The availability of UK milling wheat will remain relatively tight as we approach next season as an estimate released by UK flour millers indicates that Group1 wheat production for harvest 2024 will be 2.07mt which would be 38% down from last harvest.

This lower potential tonnage means premiums will likely remain high in at least the short to mid-term. Ongoing high levels of imported milling wheat will limit any major rises in premiums over the next few weeks, and conditions and availability from exporting countries will be monitored closely.

Food security and self-sufficiency

Having reported that milling wheat imports into the UK are up by 63%, there is increasing focus on food security due to global unrest, food shortages, climate change and other factors such as the recent pandemic. Food security, as defined at the 1996 World Food Summit, exists when all people, at all times, have physical and economic access to sufficient safe and nutritious food.

Self-sufficiency is the ability of a region or country to produce enough food without needing to buy or import additional food.

Food security could exist without a high level of self-sufficiency, if trade was stable and provided a population with safe nutritious food.

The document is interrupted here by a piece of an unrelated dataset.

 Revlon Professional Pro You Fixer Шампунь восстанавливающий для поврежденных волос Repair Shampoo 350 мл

However, food supply is more complicated than that, which is why domestic production is important. Ensuring both trade and domestic production is sustainable both environmentally and economically is essential to ensuring food security.

Sterling

Over the past two weeks, a rise in the strength of sterling has offset some of the gains in global wheat markets for UK feed wheat futures. Sterling has generally risen recently due to better-than-expected economic growth in the first quarter of 2024.

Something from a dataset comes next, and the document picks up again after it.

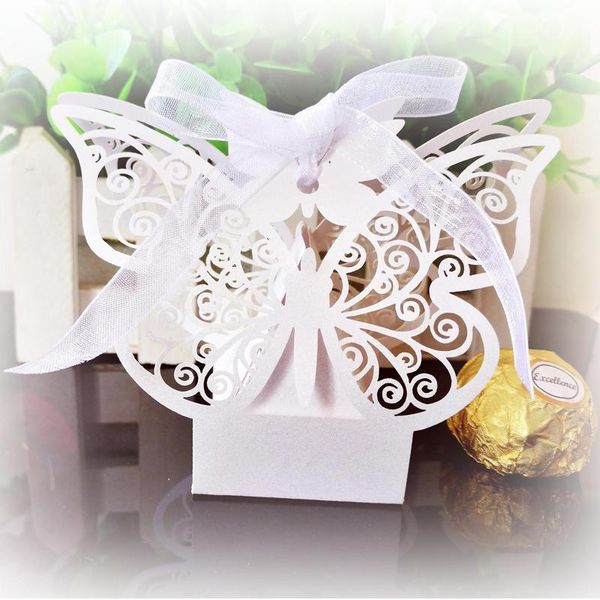 gift wrap 30 50pcs laser cut butterfly shape paper candy box packaging chocolate cookie for wedding birthday party supplies
gift wrap 30 50pcs laser cut butterfly shape paper candy box packaging chocolate cookie for wedding birthday party supplies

Last week, sterling reached a two-month high against the US dollar and the highest level since early February against the euro. If sterling remains strong against the euro and US dollar, it’s likely to continue to impact the relationship of UK wheat prices to the global wheat market while a weaker sterling could help support UK prices relative to global level.

Barley

Barley prices recently have been quite volatile due to news of barley crops being affected by frosts in Russia, coupled with a lower planted area due to the weather which has supported prices. There has been increased farm selling at these higher prices now that the recent rainfall should help new crop barley achieve its yield potential. This has resulted in barley’s discount to wheat remaining around £30/t as wheat prices have increased as well.

Oilseed rape

European rapeseed prices have continued to rise as concerns over the EU crop condition and ongoing Black Sea issues continue.

A strong pound has reduced the price increases for UK ex-farm sales. The market continues to consider the impacts of a lower European rapeseed crop and there will be lower tonnage used for crushing due to increases in rapeseed prices which reduces the competitiveness of rapeseed oil in comparison to other competing vegetable oils.

Supply of soybeans continues to drive the oilseed market and latest figures from Brazil show an increase in production by one million tonnes to a total of 147.6m tonnes.

Pulses

Old crop bean prices continue to rise as there are very few old crop beans left to trade. New crop bean prices are very strong as buyers are unable to secure supplies due to a lack of sellers. Recent prices show that premiums of £50/t-£60/t ex farm are achievable for November or December movement. This is £20/t-£30/t more than seen over the previous four years.

Recent warm and wet weather is ideal for the growing crop and the current price premium is likely to come under pressure in the coming weeks especially as beans from the Baltic region are trading at a €30/t discount to UK prices.